Usando come chiave di volta l’idea che il Mondo Secondario tanto amato da Tolkien sia stato descritto dall’interno, per così dire, gli autori non hanno paura di accedere ai livelli più profondi del Legendarium: la lettura di Jung, la presenza di tematiche gnostiche, l’irruzione di un’Altra Realtà e tracce molto potenti dell’Inconscio Collettivo. Naturalmente procedono con molta cautela, cabotando la letteratura secondaria sul filologo oxoniense ed evitando i voli pindarici che caratterizzano il dilettantismo di certa critica. Un passo per volta, sempre puntellato da una citazione o da un commento, per giungere al nucleo del «combattimento durato vent’anni con il regno dell’immaginale» di cui ha parlato lo studioso di gnosticismo Lance Owens, che fa di Tolkien un argonauta del fantastico più che un semplice scrittore. Un cartografo del mundus imaginalis, che ha mostrato di credere nella concretezza della propria fantasia con toni talmente ispirati che illustri studiosi della sua opera come Verlyn Flieger e Douglas A. Anderson hanno supposto un incontro diretto con i fenomeni narrati.

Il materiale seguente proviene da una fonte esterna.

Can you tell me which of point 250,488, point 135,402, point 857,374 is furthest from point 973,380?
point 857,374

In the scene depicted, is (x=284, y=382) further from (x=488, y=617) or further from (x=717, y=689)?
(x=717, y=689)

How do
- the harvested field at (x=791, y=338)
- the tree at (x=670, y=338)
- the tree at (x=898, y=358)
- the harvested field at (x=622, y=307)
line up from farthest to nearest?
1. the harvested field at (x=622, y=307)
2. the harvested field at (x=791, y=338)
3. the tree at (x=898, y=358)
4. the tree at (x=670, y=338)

Sono molti i passaggi significativi in questo senso. Ne ricordiamo uno, fra quelli citati nel volumetto, tratto da una versione inedita di On Fairy-Stories, i cui toni sono incredibili. Tolkien, chiedendosi se gli esseri e i regni da lui inventati siano astratti, evoca

«l’idea che il mondo ordinario, tangibile, visibile, udibile, sia solo un’apparenza. Dietro questo c’è un serbatoio di energia che è manifestato in tali forme. Se noi potessimo realizzare un pozzo in questo serbatoio, attingeremmo ad un’energia che potrebbe non solo cambiare le forme visibili di cose già esistenti, ma farebbe zampillare con illimitata ricchezza forme di cose mai conosciute prima – potenziali ma irrealizzate».

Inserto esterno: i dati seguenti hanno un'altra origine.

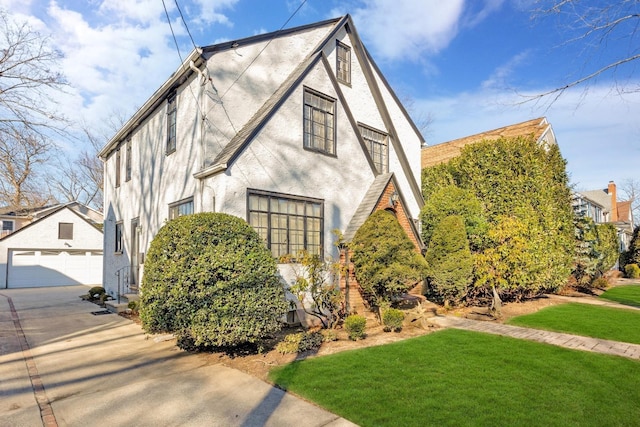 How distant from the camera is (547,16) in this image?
5887mm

Una dimensione ben tangibile, insomma, una visionarietà tanto concreta quanto quella di Coleridge, per tornare al punto di partenza. Una fantasia reale, come ha notato la già citata Verlyn Flieger nel suo saggio But What Did He Really Mean? (2004), scritto strategicamente nel 2004, dopo il suo pensionamento: meglio non parlare di certe cose nelle università – sono piene di “uomini di Porlock”.

Quella attuata da Tolkien dietro alla sua complessa operazione mitopoietica è, in fin dei conti, una “magia della parola”, come emerge con eloquenza dalle righe appena citate. Se per chi bazzica la critica letteraria classica si tratta di una brillante metafora tra le altre, per chi frequenta il mundus imaginalis la locuzione assume all’improvviso una concretezza abissale – e molte soprese potrebbero giungere da un confronto delle testimonianze ricordate con le opere di Gaston Bachelard e del suo brillante allievo, il Gilbert Durand de Le strutture antropologiche dell’immaginario, manifesto dell’archetipologia.

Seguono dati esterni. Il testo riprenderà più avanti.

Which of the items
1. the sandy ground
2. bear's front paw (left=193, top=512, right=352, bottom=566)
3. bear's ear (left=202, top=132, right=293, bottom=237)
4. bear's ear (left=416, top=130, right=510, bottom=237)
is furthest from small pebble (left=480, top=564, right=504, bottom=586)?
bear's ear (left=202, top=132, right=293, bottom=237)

Poi, però, viene il silenzio. Al viaggio compiuto con l’immaginazione non segue quello della scrittura. La penna si inceppa, i manoscritti restano in cassetti che verranno aperti solo dopo la morte dell’autore. «Viene un momento per uno scrittore o un artista in cui l’invenzione e la “visione” cessano, e può solamente riflettere su ciò che ha visto ed imparato» scriverà Tolkien. Tempus tacendi. Ma solo fino a un certo punto. Se l’artefice de Il Signore degli Anelli è stato – come ogni vero artista, secondo la citata visione di Pessoa e Borges – l’uomo di Porlock di sé stesso, da ciò sono derivate molte delle opere per cui è tuttora ricordato, la cui fama non si estingue con il passare delle generazioni. Nonostante tutto, il viaggio che ha intrapreso è insomma continuato, nel tentativo di proporre un senso a un mondo che del naufragio del senso ha fatto la propria madrelingua, e le sue parole appena citate ricordano quelle di un altro adepto della “magia della parola”, René Daumal, che negli appunti per il suo incompiuto Il monte analogo (sottotitolo: Romanzo d’avventure alpine non euclidee e simbolicamente autentiche) ha scritto: «Non si può restare sempre sulle vette, bisogna ridiscendere… A che pro allora? Ecco: l’alto conosce il basso, il basso non conosce l’alto. […] Si sale, si vede. Si discende, non si vede più; ma si è visto. Esiste un’arte di dirigersi nelle regioni basse per mezzo del ricordo di quello che si è visto quando si era più in alto. Quando non è più possibile vedere, almeno è possibile sapere». Un altro concittadino del mundus imaginalis, ovviamente.